Já na comparação de preços entre os dois tipos de remédios, a pesquisa revela que, em média, os genéricos custam menos da metade que os de referência. A maior disparidade de preço entre os genéricos foi registrada para o Paracetamol (200 mg/ml, gotas 15 ml), que de R$ 0,89 em um estabelecimento, chega a custar R$ 10,94 em outro.
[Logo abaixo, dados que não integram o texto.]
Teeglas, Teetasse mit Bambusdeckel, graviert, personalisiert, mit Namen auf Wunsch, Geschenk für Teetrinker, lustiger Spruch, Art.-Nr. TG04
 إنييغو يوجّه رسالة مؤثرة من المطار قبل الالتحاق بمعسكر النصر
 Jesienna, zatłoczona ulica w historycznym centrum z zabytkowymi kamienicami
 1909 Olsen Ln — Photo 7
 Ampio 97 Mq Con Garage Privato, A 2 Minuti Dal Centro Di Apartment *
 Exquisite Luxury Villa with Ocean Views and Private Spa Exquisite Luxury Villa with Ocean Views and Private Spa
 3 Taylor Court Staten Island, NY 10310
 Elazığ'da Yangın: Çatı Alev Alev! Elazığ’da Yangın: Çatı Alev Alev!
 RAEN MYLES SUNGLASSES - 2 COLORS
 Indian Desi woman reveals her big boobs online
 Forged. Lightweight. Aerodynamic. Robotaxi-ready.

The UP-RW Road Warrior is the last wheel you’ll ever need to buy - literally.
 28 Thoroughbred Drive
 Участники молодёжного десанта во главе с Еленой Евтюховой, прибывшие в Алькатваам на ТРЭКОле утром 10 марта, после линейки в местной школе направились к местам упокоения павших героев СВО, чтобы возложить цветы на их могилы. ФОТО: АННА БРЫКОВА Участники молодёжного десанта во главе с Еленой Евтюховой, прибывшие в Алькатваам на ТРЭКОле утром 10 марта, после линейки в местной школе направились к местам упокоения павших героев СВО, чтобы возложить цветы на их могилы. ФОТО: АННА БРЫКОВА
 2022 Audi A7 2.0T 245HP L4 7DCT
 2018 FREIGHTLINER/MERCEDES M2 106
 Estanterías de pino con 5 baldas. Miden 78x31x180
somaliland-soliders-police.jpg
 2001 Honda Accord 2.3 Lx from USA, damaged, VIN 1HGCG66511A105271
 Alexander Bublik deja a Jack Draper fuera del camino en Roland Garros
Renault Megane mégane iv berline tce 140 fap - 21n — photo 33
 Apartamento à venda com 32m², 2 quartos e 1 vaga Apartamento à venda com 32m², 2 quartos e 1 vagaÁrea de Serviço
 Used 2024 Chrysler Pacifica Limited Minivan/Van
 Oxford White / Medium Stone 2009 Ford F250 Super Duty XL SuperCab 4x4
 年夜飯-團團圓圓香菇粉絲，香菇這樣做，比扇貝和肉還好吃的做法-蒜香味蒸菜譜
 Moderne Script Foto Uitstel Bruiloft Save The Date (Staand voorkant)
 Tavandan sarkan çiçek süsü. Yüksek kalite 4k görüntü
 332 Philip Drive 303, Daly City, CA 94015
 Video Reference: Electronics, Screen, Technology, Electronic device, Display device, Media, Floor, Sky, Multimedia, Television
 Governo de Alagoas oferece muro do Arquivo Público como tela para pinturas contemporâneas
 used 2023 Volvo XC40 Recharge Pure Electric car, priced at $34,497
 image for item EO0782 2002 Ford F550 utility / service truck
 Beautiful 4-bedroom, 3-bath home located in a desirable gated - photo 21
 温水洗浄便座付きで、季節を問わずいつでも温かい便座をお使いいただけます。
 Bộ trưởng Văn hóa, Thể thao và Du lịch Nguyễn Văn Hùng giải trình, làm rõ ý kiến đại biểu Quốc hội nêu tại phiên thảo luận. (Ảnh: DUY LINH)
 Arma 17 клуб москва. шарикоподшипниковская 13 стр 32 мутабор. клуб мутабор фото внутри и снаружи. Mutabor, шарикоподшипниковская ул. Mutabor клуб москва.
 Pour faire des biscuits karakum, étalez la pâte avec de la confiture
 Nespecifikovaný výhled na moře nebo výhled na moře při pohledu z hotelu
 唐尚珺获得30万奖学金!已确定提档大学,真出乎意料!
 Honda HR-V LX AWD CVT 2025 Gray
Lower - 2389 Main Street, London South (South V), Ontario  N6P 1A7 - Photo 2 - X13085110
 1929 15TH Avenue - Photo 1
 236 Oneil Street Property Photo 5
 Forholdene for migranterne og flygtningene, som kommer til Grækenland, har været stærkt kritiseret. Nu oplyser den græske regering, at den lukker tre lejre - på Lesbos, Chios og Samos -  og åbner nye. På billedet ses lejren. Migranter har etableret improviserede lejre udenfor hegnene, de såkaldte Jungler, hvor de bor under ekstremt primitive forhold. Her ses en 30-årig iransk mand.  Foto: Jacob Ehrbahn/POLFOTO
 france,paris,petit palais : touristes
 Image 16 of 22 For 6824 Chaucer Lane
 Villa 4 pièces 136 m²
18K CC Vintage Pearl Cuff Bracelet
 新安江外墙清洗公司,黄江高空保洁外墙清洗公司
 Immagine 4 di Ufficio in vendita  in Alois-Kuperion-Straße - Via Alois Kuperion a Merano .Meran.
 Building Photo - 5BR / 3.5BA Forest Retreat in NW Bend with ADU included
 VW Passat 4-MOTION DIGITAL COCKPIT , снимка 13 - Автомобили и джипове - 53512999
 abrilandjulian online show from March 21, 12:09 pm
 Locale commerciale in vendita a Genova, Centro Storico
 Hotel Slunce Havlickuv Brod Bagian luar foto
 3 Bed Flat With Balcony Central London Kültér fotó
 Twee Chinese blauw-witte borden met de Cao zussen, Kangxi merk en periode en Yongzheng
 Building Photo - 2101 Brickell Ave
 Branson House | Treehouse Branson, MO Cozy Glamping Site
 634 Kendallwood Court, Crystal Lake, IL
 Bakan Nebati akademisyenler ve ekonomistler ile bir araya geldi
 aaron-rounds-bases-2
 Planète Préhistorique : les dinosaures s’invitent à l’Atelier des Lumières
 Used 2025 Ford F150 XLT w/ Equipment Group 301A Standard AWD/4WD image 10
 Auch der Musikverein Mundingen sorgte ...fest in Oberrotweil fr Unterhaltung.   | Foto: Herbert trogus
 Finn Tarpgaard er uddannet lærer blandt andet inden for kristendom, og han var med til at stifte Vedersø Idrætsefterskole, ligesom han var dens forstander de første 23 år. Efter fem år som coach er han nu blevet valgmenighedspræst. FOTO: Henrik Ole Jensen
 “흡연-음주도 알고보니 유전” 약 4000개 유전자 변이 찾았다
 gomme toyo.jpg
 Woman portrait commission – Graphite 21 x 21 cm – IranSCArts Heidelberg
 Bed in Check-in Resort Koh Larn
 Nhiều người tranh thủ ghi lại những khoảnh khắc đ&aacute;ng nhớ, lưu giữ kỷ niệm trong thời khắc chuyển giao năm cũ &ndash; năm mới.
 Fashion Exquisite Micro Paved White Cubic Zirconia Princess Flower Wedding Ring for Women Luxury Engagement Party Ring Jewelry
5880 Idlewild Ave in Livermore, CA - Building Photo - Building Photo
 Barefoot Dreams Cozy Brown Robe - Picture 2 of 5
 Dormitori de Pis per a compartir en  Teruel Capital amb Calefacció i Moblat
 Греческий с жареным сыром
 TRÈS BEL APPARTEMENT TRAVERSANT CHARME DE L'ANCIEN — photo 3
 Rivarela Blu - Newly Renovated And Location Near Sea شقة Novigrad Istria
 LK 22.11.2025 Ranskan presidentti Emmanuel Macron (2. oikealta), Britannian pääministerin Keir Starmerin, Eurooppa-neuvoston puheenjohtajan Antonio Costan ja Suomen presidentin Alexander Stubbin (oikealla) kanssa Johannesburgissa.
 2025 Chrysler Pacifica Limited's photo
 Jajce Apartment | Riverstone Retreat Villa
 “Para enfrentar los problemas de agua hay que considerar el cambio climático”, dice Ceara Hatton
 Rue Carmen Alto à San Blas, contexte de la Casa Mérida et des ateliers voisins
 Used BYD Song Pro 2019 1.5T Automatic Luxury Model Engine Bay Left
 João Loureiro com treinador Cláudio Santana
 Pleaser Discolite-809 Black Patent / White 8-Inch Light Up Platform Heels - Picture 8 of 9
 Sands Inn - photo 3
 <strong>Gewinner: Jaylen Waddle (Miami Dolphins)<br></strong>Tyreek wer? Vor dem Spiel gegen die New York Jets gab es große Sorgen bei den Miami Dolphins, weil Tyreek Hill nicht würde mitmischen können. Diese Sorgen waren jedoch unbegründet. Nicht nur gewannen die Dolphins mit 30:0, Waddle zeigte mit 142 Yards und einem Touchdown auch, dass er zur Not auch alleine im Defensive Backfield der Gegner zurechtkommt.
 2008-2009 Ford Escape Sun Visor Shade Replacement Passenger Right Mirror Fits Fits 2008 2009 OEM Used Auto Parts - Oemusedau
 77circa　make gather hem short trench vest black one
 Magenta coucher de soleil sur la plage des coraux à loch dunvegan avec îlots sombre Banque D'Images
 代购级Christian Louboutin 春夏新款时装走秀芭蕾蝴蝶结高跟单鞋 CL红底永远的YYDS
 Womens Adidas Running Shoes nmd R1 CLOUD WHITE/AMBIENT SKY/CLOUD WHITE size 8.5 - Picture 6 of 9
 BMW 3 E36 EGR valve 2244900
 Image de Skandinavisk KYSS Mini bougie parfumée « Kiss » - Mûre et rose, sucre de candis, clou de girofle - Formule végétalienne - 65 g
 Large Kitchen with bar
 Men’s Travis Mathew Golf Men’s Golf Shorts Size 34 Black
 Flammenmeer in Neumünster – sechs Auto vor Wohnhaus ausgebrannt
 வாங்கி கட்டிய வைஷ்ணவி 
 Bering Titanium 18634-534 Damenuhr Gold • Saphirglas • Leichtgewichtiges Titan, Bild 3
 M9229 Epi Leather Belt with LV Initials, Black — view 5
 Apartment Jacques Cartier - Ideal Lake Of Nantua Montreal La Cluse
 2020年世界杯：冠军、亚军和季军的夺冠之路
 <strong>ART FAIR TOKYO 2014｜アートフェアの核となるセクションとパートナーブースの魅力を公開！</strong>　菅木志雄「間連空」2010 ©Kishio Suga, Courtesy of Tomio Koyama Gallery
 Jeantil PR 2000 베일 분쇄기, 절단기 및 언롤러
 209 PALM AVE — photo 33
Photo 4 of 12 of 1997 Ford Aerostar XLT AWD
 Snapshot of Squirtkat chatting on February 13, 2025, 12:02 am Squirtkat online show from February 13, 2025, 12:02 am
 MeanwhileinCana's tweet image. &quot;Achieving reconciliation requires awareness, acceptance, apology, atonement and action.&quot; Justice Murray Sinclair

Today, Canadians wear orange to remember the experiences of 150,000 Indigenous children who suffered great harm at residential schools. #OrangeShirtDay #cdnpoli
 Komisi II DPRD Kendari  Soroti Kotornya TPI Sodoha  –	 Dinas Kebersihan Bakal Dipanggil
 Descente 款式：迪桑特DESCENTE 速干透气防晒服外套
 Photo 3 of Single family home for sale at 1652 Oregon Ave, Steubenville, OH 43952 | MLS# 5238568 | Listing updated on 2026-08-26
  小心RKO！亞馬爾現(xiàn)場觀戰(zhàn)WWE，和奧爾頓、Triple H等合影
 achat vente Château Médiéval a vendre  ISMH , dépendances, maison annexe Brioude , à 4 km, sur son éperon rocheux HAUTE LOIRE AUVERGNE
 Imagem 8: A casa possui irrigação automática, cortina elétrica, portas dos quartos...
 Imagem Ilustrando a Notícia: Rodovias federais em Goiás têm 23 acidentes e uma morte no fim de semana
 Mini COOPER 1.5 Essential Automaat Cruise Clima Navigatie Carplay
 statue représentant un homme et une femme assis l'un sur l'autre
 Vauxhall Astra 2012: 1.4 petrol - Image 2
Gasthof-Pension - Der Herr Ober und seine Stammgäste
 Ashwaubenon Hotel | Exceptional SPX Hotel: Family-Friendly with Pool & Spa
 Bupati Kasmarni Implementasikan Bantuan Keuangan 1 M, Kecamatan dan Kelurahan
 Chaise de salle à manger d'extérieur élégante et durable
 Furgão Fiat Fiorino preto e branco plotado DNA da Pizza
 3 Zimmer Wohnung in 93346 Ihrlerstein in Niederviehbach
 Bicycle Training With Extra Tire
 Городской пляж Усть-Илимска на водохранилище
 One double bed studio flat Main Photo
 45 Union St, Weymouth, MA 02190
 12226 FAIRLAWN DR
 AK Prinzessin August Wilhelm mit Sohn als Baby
Para os medicamentos de referência, o Amoxil (Amoxicilina, Glaxosmithkline, 500 mg, 21cápsulas) apresentou maior diferença de preço. Foi de R$ 14,67 a R$ 55,75. “Essas variações só confirmam o que sempre orientamos ao consumidor: pesquisar é uma poderosa ferramenta para que o consumidor economize e evite os abusos praticados no mercado”, afirma o diretor executivo do Procon-SP, Paulo Arthur Góes.

A pesquisa foi realizada em abril e envolveu 15 drogarias, distribuídas pelas cinco regiões do município de São Paulo. Foram pesquisados 58 medicamentos, sendo 29 de referência e 29 genéricos.


Bauru tem maior variação no Interior

O órgão realizou a mesma pesquisa em 12 cidades do Interior paulista. Bauru registrou a maior variação de preços, tanto entre os medicamentos genéricos (1.143%, para o Paracetamol), quanto nos de referência (354%, para o Dexason).

A média dos preços dos genéricos em comparação aos de referência teve sua maior diferença (57,03%) detectada em São José dos Campos. A menor diferença foi encontrada em Presidente Prudente, 44,46%.